[EXERCISE DIRECTIONS] What is needed is an exact copy of the data below, pictures excluded.

[DATASET CONTENT]

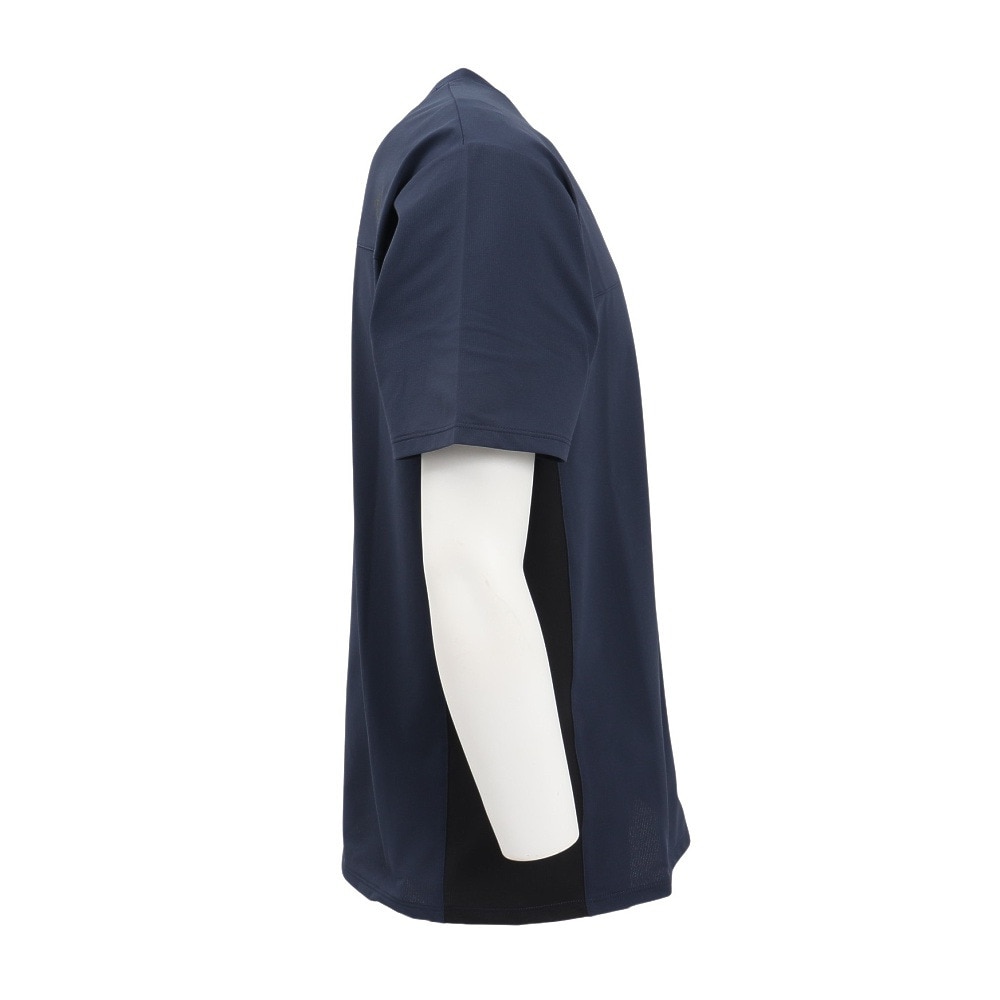 ザ・ノース・フェイス（THE NORTH FACE）（メンズ）半袖 テック クルーネック Tシャツ NT22599 UN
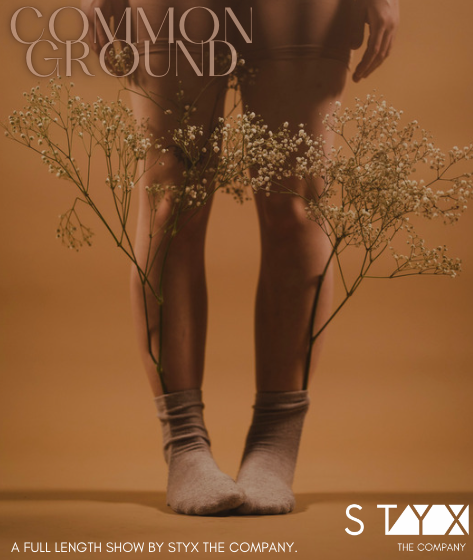 Volume 1: Common Ground - A performance by STYX The Company
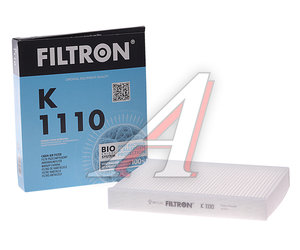Фильтр воздушный салона FORD Fiesta FILTRON K1110, LA169, 1204459
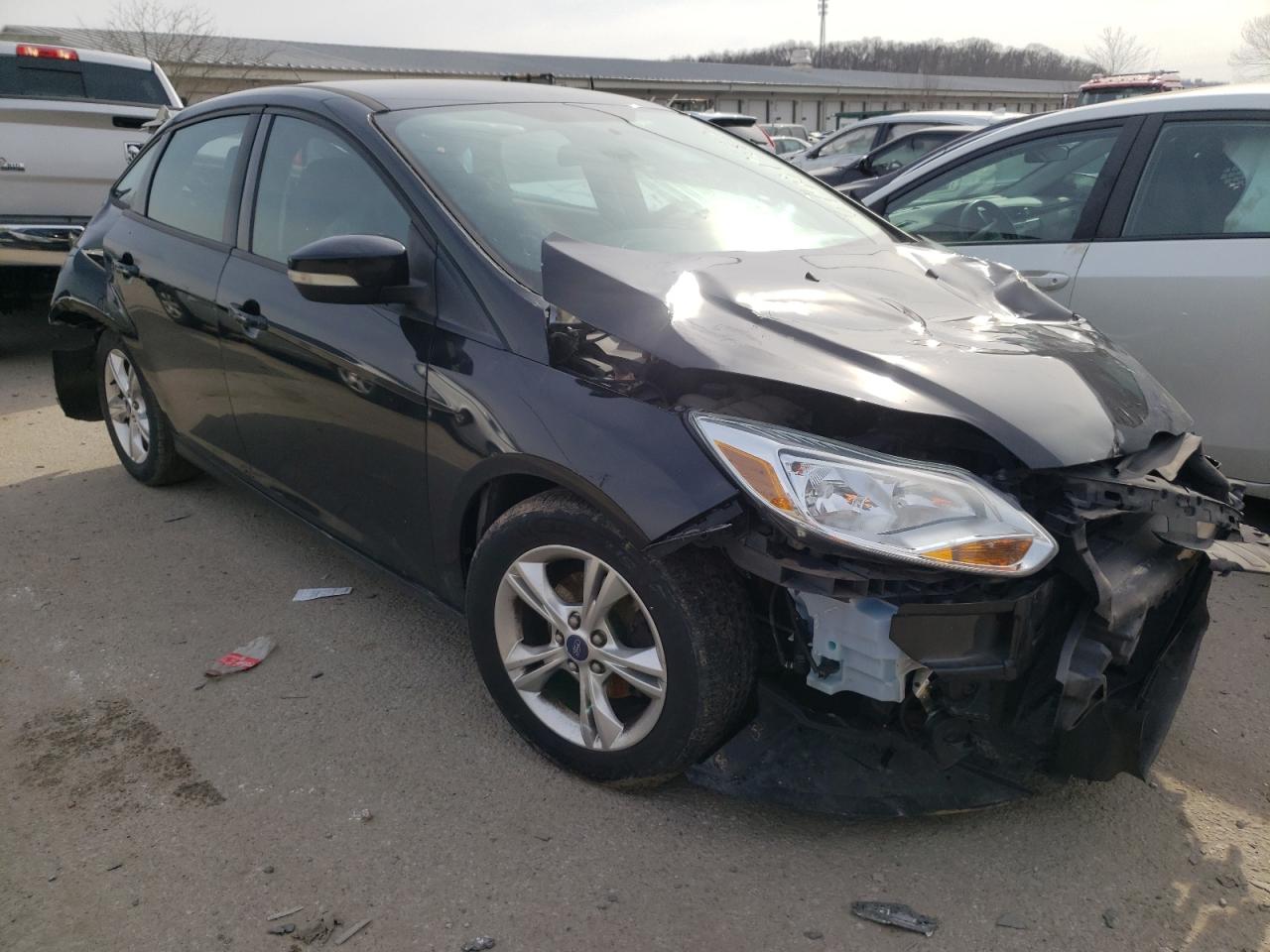 FORD FOCUS SE 2013 con VIN 1FADP3F2XDL188365 - Foto de la subasta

[ANSWER FOR THE TASK]
 ザ・ノース・フェイス（THE NORTH FACE）（メンズ）半袖 テック クルーネック Tシャツ NT22599 UN
 Volume 1: Common Ground - A performance by STYX The Company
Фильтр воздушный салона FORD Fiesta FILTRON K1110, LA169, 1204459
 FORD FOCUS SE 2013 con VIN 1FADP3F2XDL188365 - Foto de la subasta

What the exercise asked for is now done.